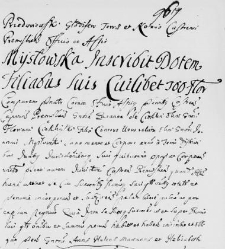 Mysłowska inscribit dotem filiabus suis cuilibet 100 florenorum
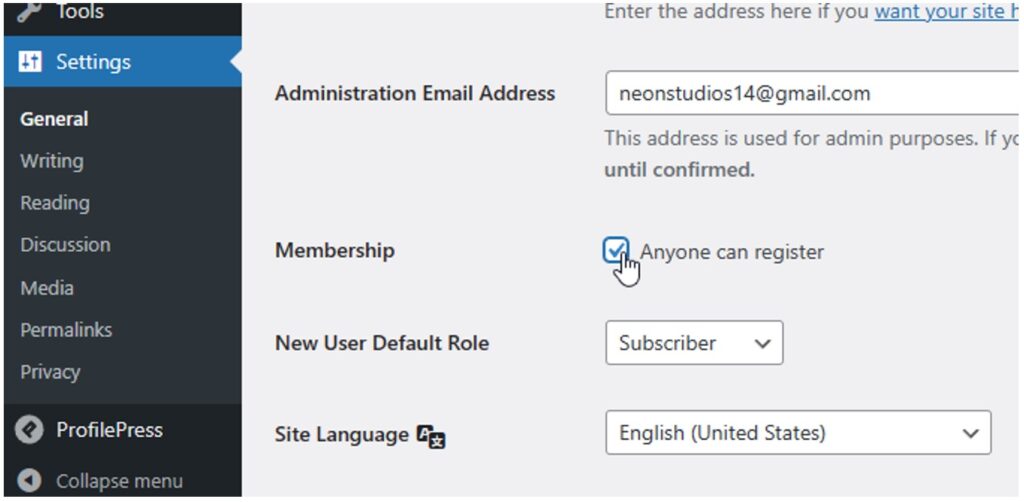 Custom WordPress Registration Anyone Can Register
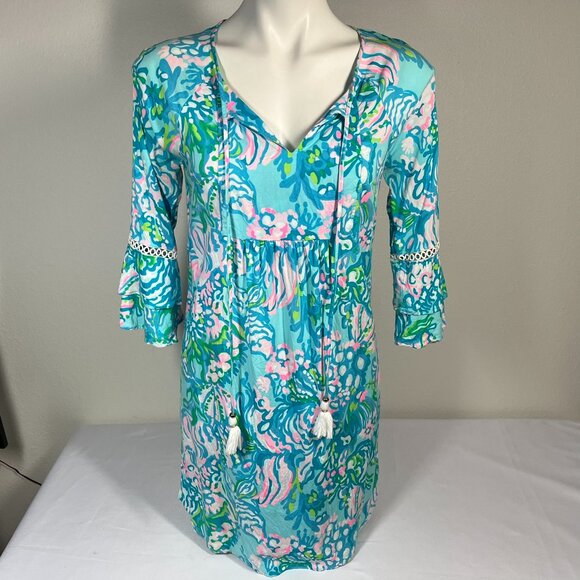 Lilly Pulitzer Tunic Dress Azita Size XS - Picture 3 of 10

• [EXERCISE INSTRUCTIONS]: Drop the images and repeat the data exactly.

• [FINISHED TASK]:
 Mysłowska inscribit dotem filiabus suis cuilibet 100 florenorum
 Custom WordPress Registration Anyone Can Register
 Lilly Pulitzer Tunic Dress Azita Size XS - Picture 3 of 10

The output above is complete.